Tax strategies for a poor investment year
December 15, 2011
It wasn't exactly a banner year for investors.
As of mid-December, the S&P 500 was just shy of breaking even for the year. On the more conservative side, interest rates on savings accounts started the year barely above zero, and then proceeded to get even lower. CD and money market rates followed the same, sorry pattern.
If you're an investor looking to make the best of a bad year, here is a tax strategy that can help you find a silver lining--along with a commonly-practiced tax strategy that you should avoid:
Do: Invest your tax overpayment
If investments represent a significant part of your taxable income, you may have to make quarterly estimated tax payments throughout the year.
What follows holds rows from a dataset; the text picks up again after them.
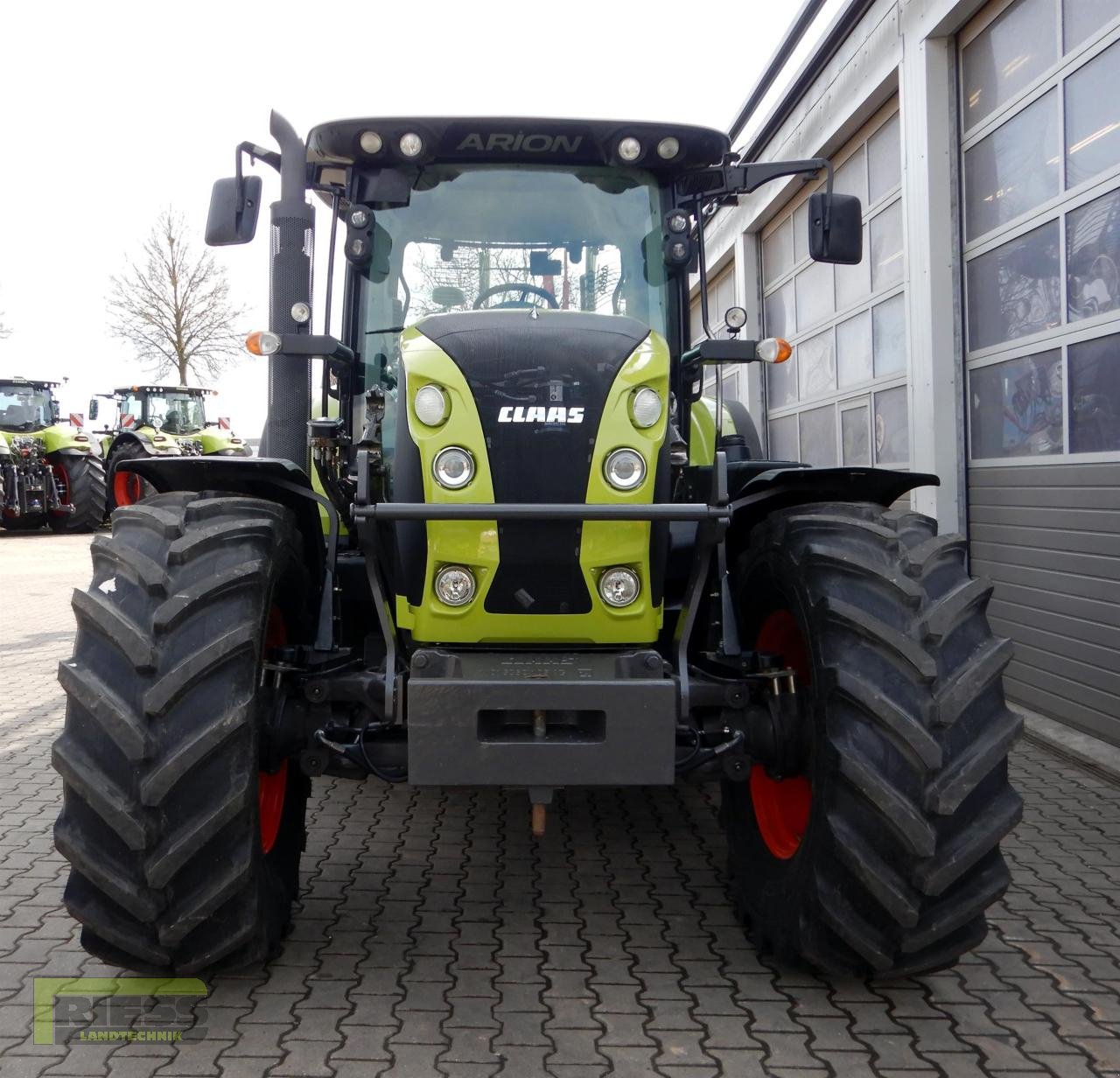 Traktor типа CLAAS ARION 620 CIS A36  FL-Konsolen, Gebrauchtmaschine в Homberg (Ohm) - Maulbach (Фотография 9)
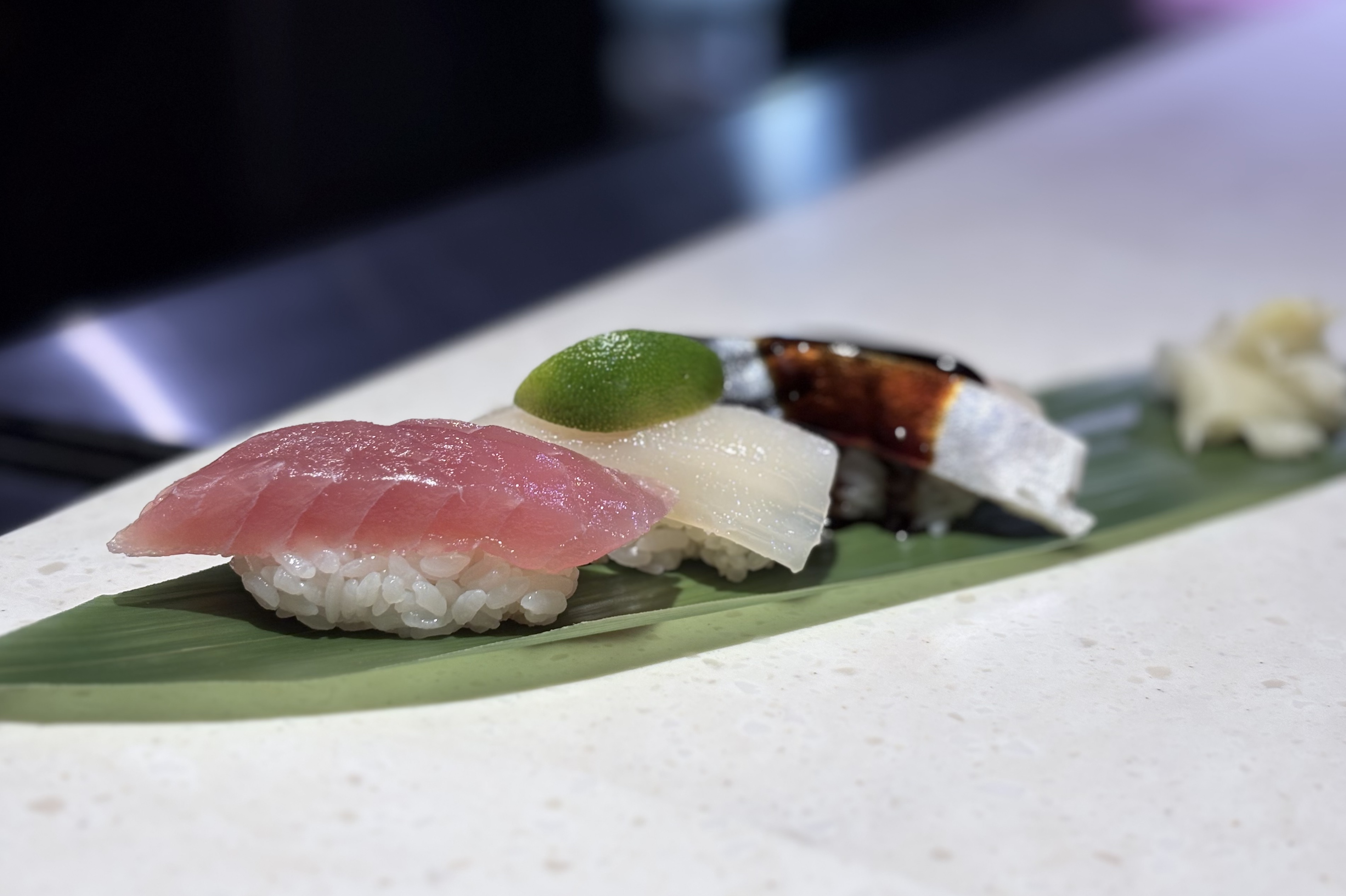 "Comer de pie en la pescadería": Una nueva forma de disfrutar del susukino en "Uo no Nemuro Fukuhara"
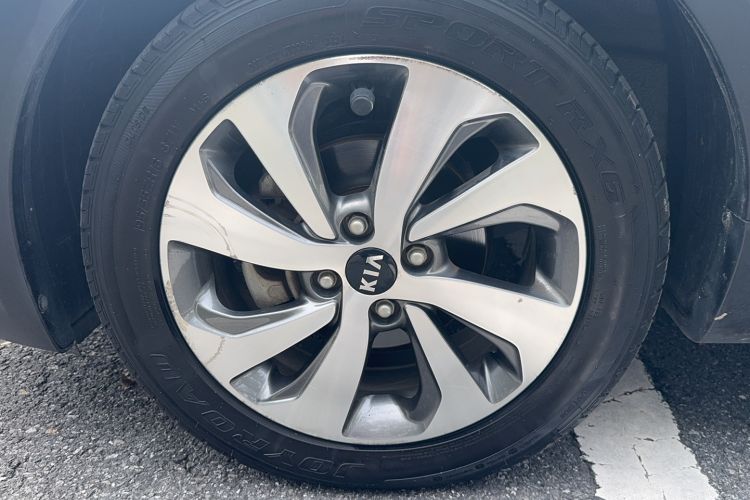 Used Kia KX Cross 2019 1.6L Automatic Dynamic Sunroof Version China VI Exterior 7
Planning those payments is always a challenge, because market returns are so unpredictable.
For example, if you expected a normal 8 to 10 percent return from stocks this year, you probably overestimated your quarterly taxes, because the market turned out to be more or less flat through most of the year.
On a less dramatic scale, even savings accounts may have caused investors to overestimate taxes. After all, according to the FDIC, average savings account rates started the year at 0.17 percent. It would have been reasonable to expect that those rates wouldn't get any lower, and might possibly rise over the course of the year. However, they did get lower, dropping to 0.11 percent by December. Again, it was a similar story with CD and money market accounts, so any income projections based on bank rates at the start of the year may have caused you to overestimate your quarterly tax payments.
If you overpaid your 2011 taxes, you have the option of simply applying the excess to your 2012 taxes. However, with the stock market still at a fairly depressed level, this might be a good time to take that excess and get it invested, as long as you'll have the cash flow to meet your 2012 quarterly tax payments as the year goes on. After all, the most powerful investments you can make are those that occur when the market is down.
Don't: Harvest losses
One thing investors often do when the market is down is "harvest losses" for tax purposes--sell stocks that are below cost so they can apply the loss against their taxable gains.
If you do the math, though, harvesting losses is usually penny-wise and pound-foolish. The taxes you save apply only to the amount of the loss on a stock, whereas the potential return while you are out of the market applies to the entire value of the stock. Unless you've given up on the investment anyway, harvesting losses can result in missed opportunities.
Because 2011 was a year of disappointing returns, most investors shouldn't have a problem with taxes this year. It's enough to get you hoping for a higher tax bill in 2012--if that's the price of higher returns.